ビフォア・サンセット

リチャード・リンクレイター監督。
私は見ていないのですが、この映画は『恋人たちの距離』の続編だそうです。
前作で運命の一夜を共にした男女が9年後に再び巡り会い、ひたすら会話をするというのが主な内容。
冒頭でイーサン・ホーク演じるアメリカ人小説家がパリの書店でインタビューを受けている最中に、ジュリー・デルビー演じる女性が現れ、帰りの飛行機に乗るまでの時間を共に過ごすのですが、2人はすぐに9年前の出来事に触れることが出来ず、冗談めかして笑いあい、探りあいつつ、その「思い出」のまわりをぐるぐるまわり続ける。
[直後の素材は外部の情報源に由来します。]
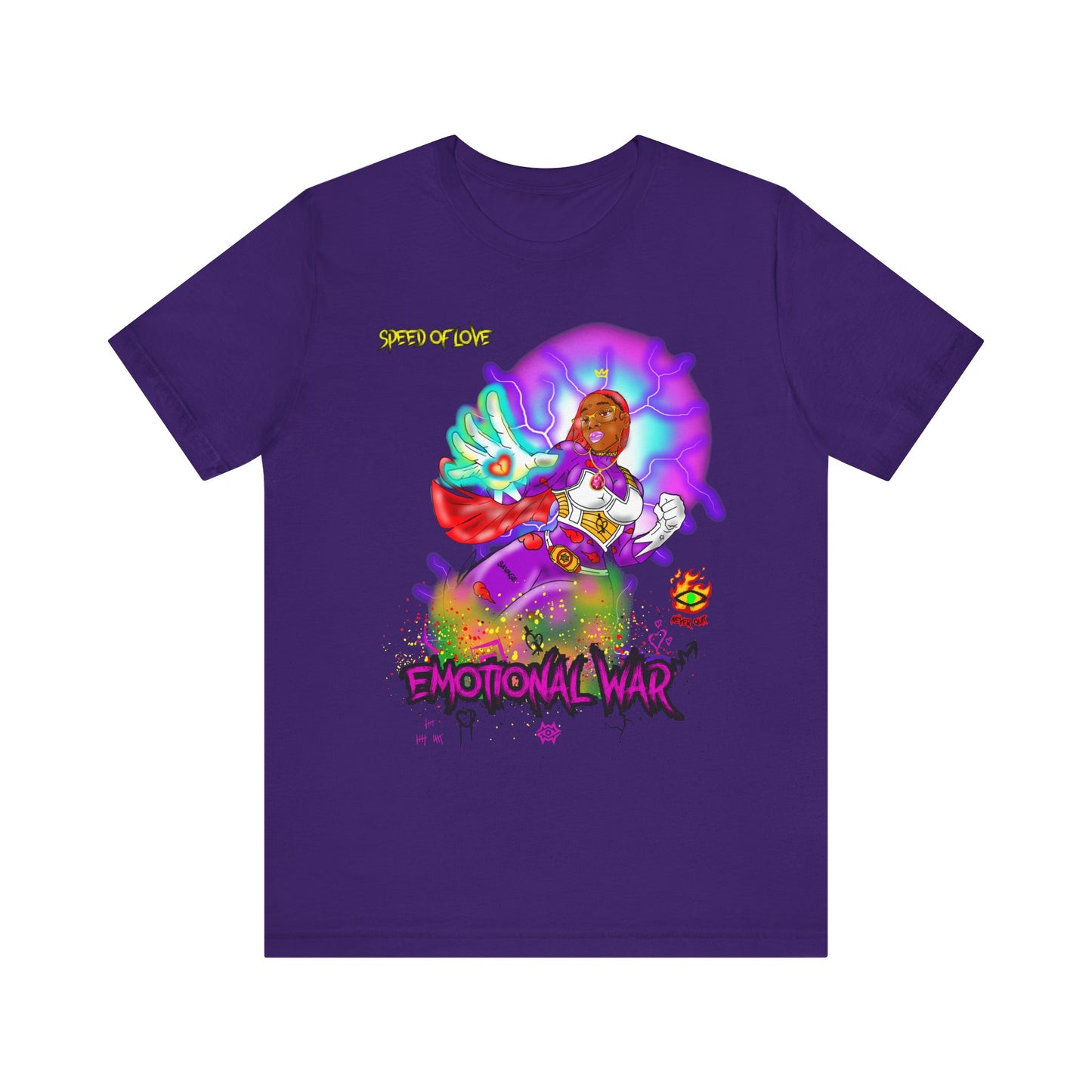 T-Shirt - Heart Blast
この辺のもどかしさはとてもよく伝わってきて、前作を見ていない私にも楽しめました。
今の自分を構成する大切な「記憶」だからこそ、うかつにその記憶と現在を繋げてしまうことはできない。それによって、何かを壊してしまうのが怖い、という感覚は理解出来る。
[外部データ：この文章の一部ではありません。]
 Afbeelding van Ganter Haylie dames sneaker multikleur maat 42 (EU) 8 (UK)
ただ、イーサン・ホークの顔がどうしてもにやけているように見えてしまう。もちろん思い出の女性に出会ってにやけてしまう気持ちは分かるのですが、なにを言ってもちょっとうさん臭い。
ともかく、その「思い出」が描かれていたはずの前作をみていればもっと楽しめたのかなと思うと残念です。これだけ見ると、ちょっとインパクトに欠けるような気がしました。とても良く出来た脚本だったので、2人芝居とかで見た方が面白いかなと思った。
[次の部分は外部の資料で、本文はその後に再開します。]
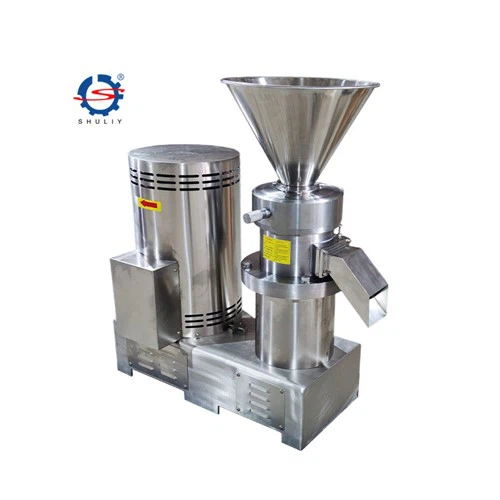 骨貼り付け粉砕機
しかしそれよりも問題だったのが、私は「エタ−ナル・サンシャイン」を見るつもりでこの映画を見ていたこと。いやーほんと単純に間違えただけなんですけど、いつまでたってもケイト・ウィンスレットが出てこないことでやっと違う映画だと気がついた。題名が紛らわしかったんだな。サンしかあってないけど。